_DATA FOR THIS EXERCISE_.
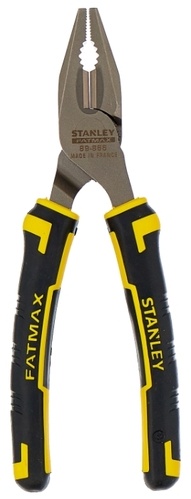 0-89-866 STANLEY ПЛОСКОГУБЦЫ КОМБИНИРОВАННЫЕ "FATMAX" 160ММ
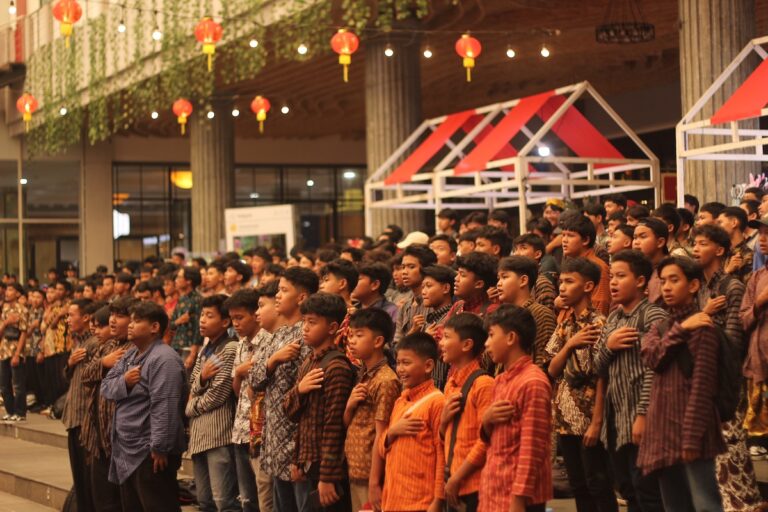 Dari Bali Hingga Malang: Ini 24 Tim yang Lolos ke Play-Ins FFNS 2025 Spring FFNS Peserta City Qualifiers Jogja Nyanyikan Lagu Indonesia Raya Sebelum Bertanding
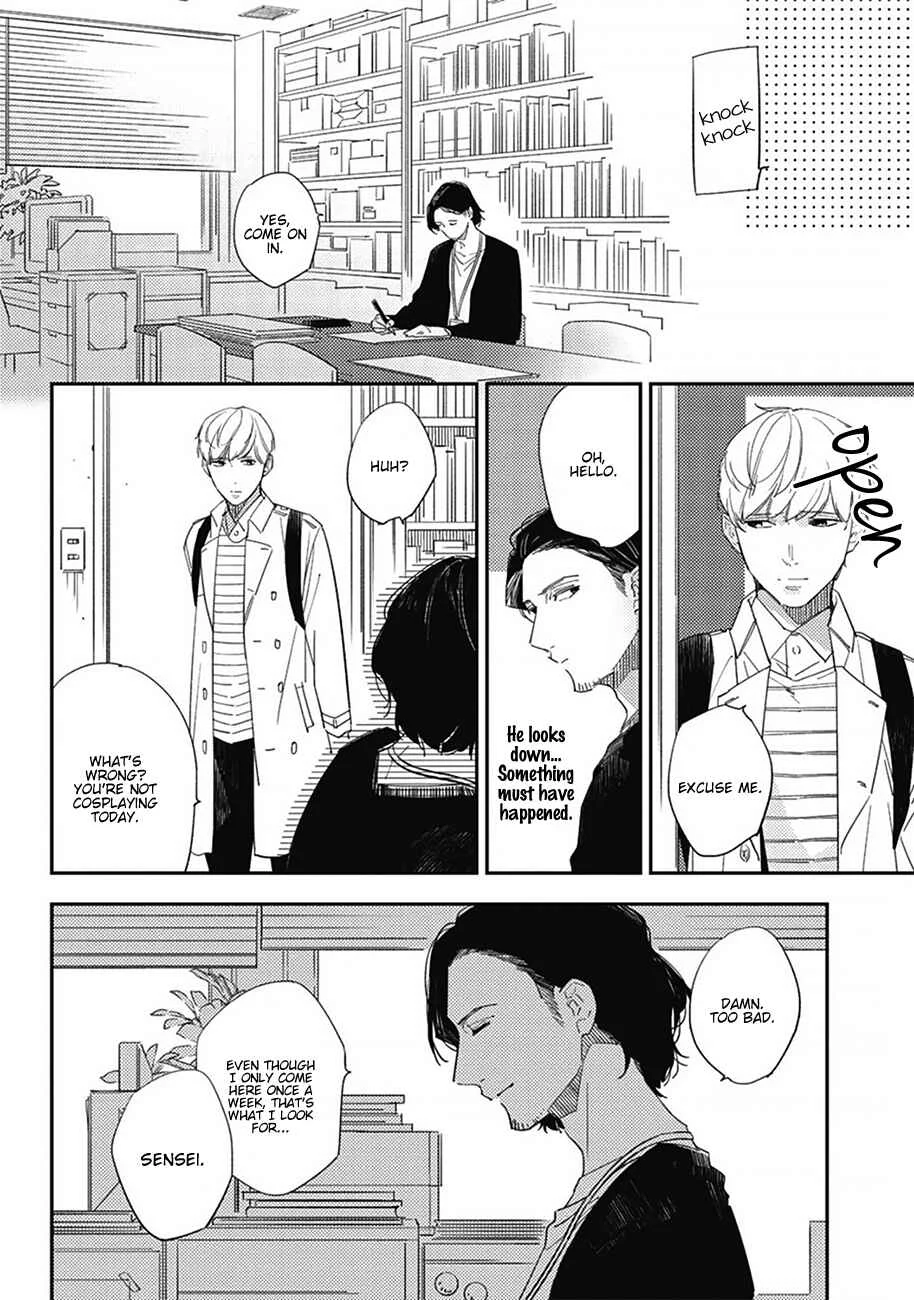 Himono, Tokodoki, Shanairen'ai Chapter 5 - Page 13
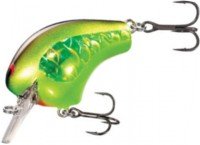 SHIMANO ZP-105Q Bantam Macbeth 50 #012 Kyorin Black Chart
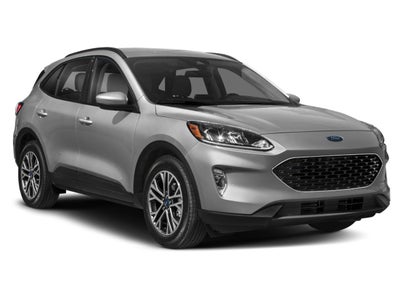 2020 Ford Escape SEL AWD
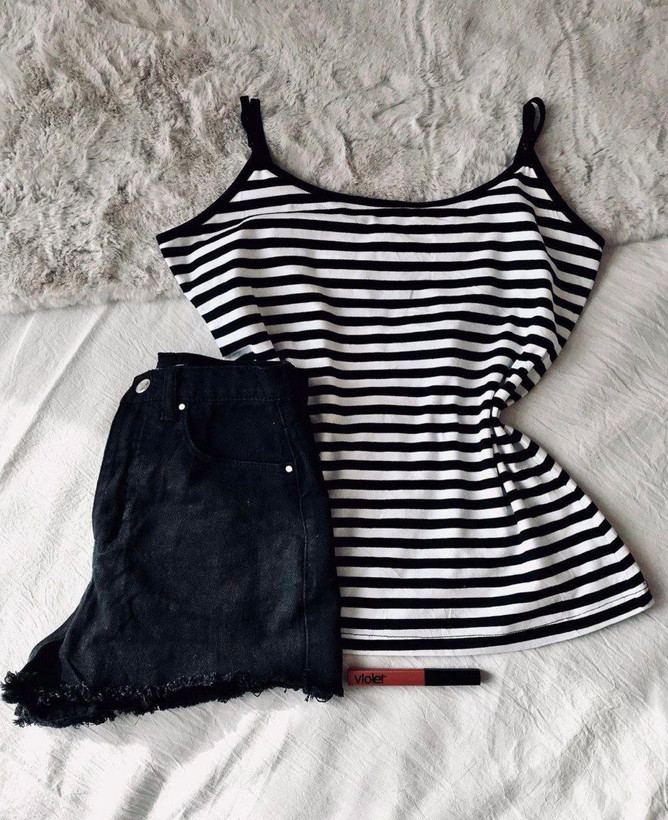 مشاهده قیمت و خرید اینترنتی تاپ بندی راه راه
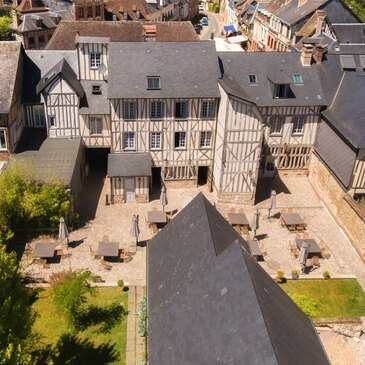 Weekend Gourmand et Spa à Lyons-la-Forêt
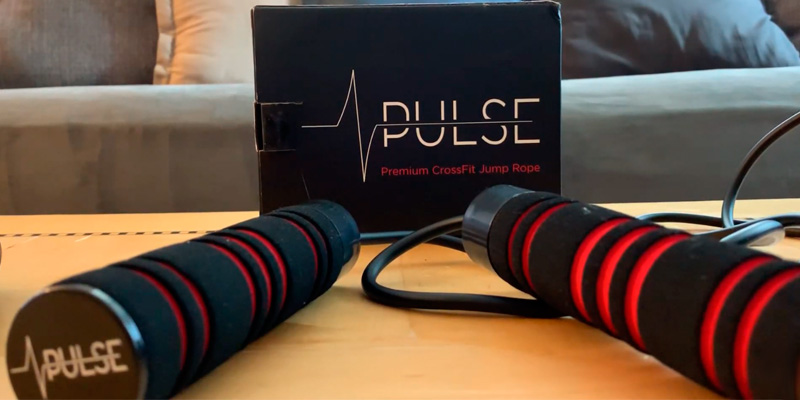 Review of Pulse Weighted Jump Rope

_WORK TO COMPLETE_. Repeat the data exactly in full, omitting its pictures.

_RESPONSE_.
 0-89-866 STANLEY ПЛОСКОГУБЦЫ КОМБИНИРОВАННЫЕ "FATMAX" 160ММ
 Dari Bali Hingga Malang: Ini 24 Tim yang Lolos ke Play-Ins FFNS 2025 Spring FFNS Peserta City Qualifiers Jogja Nyanyikan Lagu Indonesia Raya Sebelum Bertanding
 Himono, Tokodoki, Shanairen'ai Chapter 5 - Page 13
 SHIMANO ZP-105Q Bantam Macbeth 50 #012 Kyorin Black Chart
 2020 Ford Escape SEL AWD
 مشاهده قیمت و خرید اینترنتی تاپ بندی راه راه
 Weekend Gourmand et Spa à Lyons-la-Forêt
 Review of Pulse Weighted Jump Rope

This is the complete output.